At a roundtable meeting convened by the Liberian leader on Thursday, January 9, 2014, to purposely discuss with women’s representatives the alarming trend of rape of under-age girls, she challenged them to come up with ideas on how to address this social menace.
Present at the meeting were 14 women representatives of the Ministry of Gender and Development, the Ministry of Justice, the Association of Female Lawyers of Liberia (AFELL), and civil society represented by the Women NGOs Secretariat of Liberia (WONGOSOL).
President Sirleaf told the gathering that the statistics on rape cases in the country were alarming. She said measures against the crime included the Rape Law; which categorizes rape as an unbailable crime, and the just completed Code of Conduct for teachers regarding the crime of rape in the schools, are in existence.
She applauded the Ministry of Gender and Development for all of its efforts, but added: “We’ve got to think out of the box, and that’s why we called you here, to ask for some of your ideas.
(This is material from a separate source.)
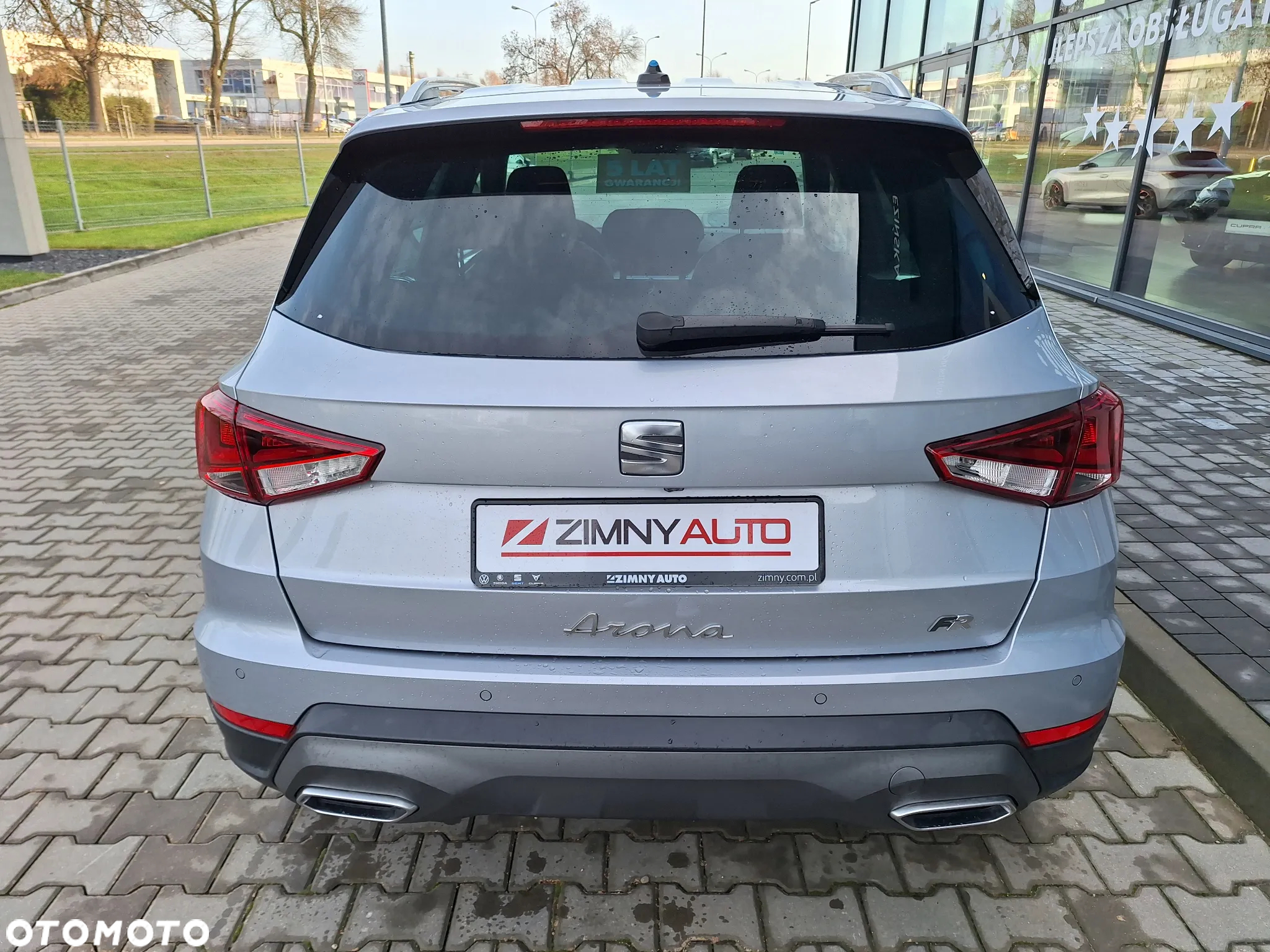 Seat Arona 1.0 TSI FR S&S - 7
We have to find a way to deal with this problem.”
The Liberian leader herself, who is a longstanding women’s rights advocate, indicated that the breakdown of the family unit and the fact that heads of households today are practically children themselves makes the problem even more difficult to solve.
“But we have to find a way. So many kids’ lives and future have been taken from them because of this crime. We want AFELL to be more active in this,” the President said, indicating that the rate is ever increasing.
President Sirleaf drew her audience’s attention to the regular Security Report she receives from the Special Representative of the UN Secretary-General, a segment of which deals with rape. According to the report, during the period from November 12, 2013, to January 7, 2014, there were 119 cases of rape reported, compared to 83 in the previously report. Of the total 119, 53 rape cases occurred in Monrovia and its environs, while 66 cases were outside Monrovia. The victims included girls as young as four years old. There were a total of 61 arrests of the 119 or more perpetrators.
The Liberian President lauded women in Peacebuilding Network (WIPNET) for going to court religiously every time there’s a rape case, noting that their presence always shows strong concern and support to the victims and their families.
Meanwhile, during the hour-long discussion, many concrete suggestions proposals were put forth by members of the participants some of which working more with their male counterpart, including those already behind bars, to change their mental attitude, their behavior and their thinking about who women are; research, in the various communities, into why men rape; and naming and shaming rapists by putting them in prison garb and making them clean the streets.
The group also proposed a critical look to be taken at the Rape Law in order to make revisions to close loopholes, such as provisions pertaining to the age of the perpetrator, and those who would compromise a case; training more lawyers in prosecuting sexual violence; advocacy and training for judges and the police; engaging police commanders to understand their critical role in protecting children who are molested.